Exercise brief: Go to the line below containing "Antique bronze iron" and print exactly from there through the line containing "Flutter Sleeve Sequin", both included. Print nothing else.

(Items listed in a dataset)
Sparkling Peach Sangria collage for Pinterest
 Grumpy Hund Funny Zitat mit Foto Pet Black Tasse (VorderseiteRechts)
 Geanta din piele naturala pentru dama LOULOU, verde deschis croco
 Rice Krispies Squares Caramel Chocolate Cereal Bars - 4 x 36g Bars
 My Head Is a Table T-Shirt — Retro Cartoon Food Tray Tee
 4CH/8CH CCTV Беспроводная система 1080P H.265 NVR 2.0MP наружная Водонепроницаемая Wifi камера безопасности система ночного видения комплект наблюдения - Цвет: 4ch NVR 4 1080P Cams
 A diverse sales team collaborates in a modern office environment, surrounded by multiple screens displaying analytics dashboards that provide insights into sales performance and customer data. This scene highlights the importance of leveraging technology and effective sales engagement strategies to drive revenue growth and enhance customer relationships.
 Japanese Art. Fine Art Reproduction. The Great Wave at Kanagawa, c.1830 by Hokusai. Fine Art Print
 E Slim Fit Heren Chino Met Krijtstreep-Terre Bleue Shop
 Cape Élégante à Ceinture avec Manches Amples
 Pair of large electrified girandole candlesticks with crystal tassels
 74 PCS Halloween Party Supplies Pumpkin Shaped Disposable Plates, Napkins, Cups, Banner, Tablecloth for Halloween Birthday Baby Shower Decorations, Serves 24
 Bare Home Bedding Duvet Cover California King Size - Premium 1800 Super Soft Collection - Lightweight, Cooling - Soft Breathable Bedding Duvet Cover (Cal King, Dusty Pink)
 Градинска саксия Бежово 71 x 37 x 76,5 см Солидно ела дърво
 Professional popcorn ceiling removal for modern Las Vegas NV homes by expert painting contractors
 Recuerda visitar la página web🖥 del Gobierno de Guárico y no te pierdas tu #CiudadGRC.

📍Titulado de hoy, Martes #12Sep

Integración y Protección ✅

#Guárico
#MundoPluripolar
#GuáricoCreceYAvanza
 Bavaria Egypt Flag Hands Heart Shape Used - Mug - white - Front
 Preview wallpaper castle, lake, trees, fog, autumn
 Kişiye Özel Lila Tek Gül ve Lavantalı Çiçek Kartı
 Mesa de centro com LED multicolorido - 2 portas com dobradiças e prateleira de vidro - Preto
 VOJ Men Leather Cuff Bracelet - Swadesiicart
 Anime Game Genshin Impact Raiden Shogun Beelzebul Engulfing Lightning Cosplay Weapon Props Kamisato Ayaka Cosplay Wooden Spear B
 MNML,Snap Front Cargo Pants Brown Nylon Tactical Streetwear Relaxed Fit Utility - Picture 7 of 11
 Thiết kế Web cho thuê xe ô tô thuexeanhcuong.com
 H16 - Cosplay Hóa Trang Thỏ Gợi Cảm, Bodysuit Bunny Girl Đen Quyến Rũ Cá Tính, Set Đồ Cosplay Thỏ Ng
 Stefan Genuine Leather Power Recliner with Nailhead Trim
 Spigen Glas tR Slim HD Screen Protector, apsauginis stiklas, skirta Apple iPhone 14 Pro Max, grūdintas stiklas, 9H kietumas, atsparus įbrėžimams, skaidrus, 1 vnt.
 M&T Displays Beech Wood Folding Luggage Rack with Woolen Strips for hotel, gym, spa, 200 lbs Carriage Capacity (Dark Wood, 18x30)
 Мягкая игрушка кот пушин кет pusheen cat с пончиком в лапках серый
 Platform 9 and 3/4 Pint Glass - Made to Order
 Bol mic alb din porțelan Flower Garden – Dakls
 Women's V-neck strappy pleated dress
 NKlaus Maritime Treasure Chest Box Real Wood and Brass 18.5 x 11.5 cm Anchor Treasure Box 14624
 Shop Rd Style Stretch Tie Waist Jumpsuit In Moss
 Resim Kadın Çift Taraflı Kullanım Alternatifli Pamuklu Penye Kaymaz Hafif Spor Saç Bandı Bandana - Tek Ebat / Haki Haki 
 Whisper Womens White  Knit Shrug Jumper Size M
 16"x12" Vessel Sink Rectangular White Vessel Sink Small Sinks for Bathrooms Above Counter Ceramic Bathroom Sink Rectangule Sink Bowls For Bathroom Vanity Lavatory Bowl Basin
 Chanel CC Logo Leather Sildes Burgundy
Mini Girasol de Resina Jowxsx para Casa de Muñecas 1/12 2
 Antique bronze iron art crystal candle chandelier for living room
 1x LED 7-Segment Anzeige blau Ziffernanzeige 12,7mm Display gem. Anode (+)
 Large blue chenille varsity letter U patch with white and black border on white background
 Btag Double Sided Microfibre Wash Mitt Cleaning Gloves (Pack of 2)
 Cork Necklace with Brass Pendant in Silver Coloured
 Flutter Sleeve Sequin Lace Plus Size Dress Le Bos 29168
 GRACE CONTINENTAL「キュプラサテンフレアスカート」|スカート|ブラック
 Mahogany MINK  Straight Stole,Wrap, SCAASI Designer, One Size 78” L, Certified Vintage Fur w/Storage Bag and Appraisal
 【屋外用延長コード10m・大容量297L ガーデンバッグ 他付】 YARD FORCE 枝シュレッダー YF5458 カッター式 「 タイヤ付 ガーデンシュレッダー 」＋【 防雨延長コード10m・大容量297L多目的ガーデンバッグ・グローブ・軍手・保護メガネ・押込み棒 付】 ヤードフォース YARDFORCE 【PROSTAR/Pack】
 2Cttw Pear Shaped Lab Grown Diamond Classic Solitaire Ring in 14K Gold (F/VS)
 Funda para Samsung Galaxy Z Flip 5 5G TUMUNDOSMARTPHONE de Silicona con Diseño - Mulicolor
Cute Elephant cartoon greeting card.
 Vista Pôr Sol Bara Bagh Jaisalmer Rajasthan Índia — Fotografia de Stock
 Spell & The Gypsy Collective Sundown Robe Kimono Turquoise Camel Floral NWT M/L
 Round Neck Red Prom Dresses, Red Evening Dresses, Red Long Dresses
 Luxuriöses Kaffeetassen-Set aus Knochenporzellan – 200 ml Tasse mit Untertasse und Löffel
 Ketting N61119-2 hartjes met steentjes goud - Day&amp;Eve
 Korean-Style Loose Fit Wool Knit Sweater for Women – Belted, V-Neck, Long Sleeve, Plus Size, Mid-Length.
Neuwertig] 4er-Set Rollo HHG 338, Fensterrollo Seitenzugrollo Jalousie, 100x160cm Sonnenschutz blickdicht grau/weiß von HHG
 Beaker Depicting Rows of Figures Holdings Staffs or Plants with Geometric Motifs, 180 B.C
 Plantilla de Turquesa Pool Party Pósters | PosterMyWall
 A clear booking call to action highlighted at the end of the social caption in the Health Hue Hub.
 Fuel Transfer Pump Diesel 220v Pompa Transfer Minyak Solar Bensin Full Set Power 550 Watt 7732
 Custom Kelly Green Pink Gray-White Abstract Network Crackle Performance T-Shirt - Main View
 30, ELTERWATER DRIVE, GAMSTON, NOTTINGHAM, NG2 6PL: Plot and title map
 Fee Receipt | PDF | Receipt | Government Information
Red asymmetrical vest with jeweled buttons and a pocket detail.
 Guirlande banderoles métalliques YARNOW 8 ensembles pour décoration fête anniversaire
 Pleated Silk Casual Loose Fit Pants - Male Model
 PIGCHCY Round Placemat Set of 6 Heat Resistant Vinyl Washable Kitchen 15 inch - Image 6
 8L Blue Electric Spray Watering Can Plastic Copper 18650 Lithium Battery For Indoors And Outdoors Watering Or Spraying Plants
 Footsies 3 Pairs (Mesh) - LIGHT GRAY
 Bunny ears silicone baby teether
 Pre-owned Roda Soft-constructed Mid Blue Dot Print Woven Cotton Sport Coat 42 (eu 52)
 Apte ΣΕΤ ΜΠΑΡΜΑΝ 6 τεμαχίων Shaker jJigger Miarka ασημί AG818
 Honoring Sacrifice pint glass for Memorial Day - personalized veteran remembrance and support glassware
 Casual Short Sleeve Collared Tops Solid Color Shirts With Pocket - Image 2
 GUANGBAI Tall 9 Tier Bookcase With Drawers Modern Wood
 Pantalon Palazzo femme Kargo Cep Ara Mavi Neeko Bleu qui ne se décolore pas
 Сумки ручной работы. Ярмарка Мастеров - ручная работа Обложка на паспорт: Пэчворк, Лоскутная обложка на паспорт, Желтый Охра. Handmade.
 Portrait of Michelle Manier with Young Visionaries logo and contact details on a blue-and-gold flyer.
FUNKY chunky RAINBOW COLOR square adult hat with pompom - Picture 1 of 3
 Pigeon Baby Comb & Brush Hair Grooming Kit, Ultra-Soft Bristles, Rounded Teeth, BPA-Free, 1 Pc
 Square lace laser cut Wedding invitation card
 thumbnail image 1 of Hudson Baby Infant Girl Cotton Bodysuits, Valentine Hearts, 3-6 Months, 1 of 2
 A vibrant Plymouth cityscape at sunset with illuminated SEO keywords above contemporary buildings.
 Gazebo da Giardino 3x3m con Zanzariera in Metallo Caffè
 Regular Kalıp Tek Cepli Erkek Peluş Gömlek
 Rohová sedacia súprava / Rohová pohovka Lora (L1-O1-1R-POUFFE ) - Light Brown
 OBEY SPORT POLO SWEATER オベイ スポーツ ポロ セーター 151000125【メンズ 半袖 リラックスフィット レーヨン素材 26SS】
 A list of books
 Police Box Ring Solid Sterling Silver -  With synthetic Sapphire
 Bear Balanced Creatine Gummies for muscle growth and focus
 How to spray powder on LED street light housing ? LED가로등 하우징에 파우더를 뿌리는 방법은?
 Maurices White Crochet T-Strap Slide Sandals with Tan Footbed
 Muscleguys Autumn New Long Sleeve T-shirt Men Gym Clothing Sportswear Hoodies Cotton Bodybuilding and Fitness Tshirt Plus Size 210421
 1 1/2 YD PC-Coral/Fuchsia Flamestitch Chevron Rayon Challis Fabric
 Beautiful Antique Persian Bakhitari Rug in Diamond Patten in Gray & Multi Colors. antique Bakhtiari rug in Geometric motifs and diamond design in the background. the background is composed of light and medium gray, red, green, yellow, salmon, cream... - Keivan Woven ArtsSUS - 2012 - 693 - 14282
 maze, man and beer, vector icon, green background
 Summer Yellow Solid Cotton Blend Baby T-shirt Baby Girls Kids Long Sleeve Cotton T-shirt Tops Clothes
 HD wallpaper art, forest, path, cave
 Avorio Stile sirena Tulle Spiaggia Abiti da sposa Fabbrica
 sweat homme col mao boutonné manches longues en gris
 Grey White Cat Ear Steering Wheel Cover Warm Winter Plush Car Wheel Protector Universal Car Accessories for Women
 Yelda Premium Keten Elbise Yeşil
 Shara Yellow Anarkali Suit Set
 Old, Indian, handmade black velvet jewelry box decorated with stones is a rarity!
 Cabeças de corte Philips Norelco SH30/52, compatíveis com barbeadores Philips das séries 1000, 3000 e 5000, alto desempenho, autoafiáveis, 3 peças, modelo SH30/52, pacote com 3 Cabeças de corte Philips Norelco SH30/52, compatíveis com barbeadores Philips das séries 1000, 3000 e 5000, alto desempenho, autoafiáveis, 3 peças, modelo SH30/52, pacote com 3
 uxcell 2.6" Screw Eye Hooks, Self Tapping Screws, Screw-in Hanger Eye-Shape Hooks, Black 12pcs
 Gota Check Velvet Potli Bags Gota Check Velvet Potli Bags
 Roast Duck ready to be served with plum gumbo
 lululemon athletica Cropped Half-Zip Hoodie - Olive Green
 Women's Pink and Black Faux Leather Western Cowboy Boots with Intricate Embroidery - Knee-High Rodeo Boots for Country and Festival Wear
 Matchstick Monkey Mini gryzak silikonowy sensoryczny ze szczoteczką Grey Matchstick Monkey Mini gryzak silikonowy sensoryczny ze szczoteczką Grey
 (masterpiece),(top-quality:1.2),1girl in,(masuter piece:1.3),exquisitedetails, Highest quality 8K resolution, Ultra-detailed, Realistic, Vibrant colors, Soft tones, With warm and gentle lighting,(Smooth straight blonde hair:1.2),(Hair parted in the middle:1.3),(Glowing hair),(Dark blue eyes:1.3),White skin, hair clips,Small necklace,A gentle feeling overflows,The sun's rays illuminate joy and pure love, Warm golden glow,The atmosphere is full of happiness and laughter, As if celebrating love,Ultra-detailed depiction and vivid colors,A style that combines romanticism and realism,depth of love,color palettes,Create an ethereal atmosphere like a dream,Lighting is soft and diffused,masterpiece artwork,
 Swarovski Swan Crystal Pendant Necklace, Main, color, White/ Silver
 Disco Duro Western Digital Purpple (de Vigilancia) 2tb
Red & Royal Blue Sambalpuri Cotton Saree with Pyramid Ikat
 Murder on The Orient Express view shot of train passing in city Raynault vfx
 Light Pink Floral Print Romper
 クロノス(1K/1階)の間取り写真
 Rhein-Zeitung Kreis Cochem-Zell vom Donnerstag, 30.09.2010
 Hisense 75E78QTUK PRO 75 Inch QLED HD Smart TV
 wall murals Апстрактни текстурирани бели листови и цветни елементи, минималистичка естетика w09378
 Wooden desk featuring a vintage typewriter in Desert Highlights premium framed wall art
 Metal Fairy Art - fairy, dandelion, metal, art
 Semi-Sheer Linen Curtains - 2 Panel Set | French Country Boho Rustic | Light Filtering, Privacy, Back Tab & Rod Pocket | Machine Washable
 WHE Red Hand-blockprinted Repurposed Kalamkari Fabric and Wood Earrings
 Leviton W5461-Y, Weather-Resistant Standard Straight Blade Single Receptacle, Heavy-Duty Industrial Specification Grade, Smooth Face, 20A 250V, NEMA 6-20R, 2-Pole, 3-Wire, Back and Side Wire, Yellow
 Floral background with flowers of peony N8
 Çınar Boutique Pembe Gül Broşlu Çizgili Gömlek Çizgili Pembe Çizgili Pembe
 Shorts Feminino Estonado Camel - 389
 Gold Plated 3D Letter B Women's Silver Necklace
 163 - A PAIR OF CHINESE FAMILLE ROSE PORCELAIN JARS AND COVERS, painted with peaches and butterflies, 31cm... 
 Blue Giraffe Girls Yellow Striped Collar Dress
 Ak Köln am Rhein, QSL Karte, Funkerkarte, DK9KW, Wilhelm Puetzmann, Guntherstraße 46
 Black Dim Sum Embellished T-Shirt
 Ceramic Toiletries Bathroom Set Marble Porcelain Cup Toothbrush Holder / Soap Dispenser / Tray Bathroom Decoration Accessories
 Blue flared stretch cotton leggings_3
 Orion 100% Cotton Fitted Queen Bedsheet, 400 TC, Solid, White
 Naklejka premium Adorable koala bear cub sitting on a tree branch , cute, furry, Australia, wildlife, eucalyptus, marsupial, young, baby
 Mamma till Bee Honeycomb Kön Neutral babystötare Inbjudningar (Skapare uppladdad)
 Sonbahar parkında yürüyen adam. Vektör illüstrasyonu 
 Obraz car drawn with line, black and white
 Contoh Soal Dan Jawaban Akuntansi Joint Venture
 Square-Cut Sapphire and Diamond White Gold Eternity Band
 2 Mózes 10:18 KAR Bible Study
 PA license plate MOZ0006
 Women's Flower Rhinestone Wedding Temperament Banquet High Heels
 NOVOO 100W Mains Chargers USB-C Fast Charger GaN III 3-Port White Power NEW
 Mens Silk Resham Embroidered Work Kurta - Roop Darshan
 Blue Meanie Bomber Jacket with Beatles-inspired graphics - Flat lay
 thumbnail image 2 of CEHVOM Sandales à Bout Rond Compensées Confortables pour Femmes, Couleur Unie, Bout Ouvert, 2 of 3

Reply:
 Antique bronze iron art crystal candle chandelier for living room
 1x LED 7-Segment Anzeige blau Ziffernanzeige 12,7mm Display gem. Anode (+)
 Large blue chenille varsity letter U patch with white and black border on white background
 Btag Double Sided Microfibre Wash Mitt Cleaning Gloves (Pack of 2)
 Cork Necklace with Brass Pendant in Silver Coloured
 Flutter Sleeve Sequin Lace Plus Size Dress Le Bos 29168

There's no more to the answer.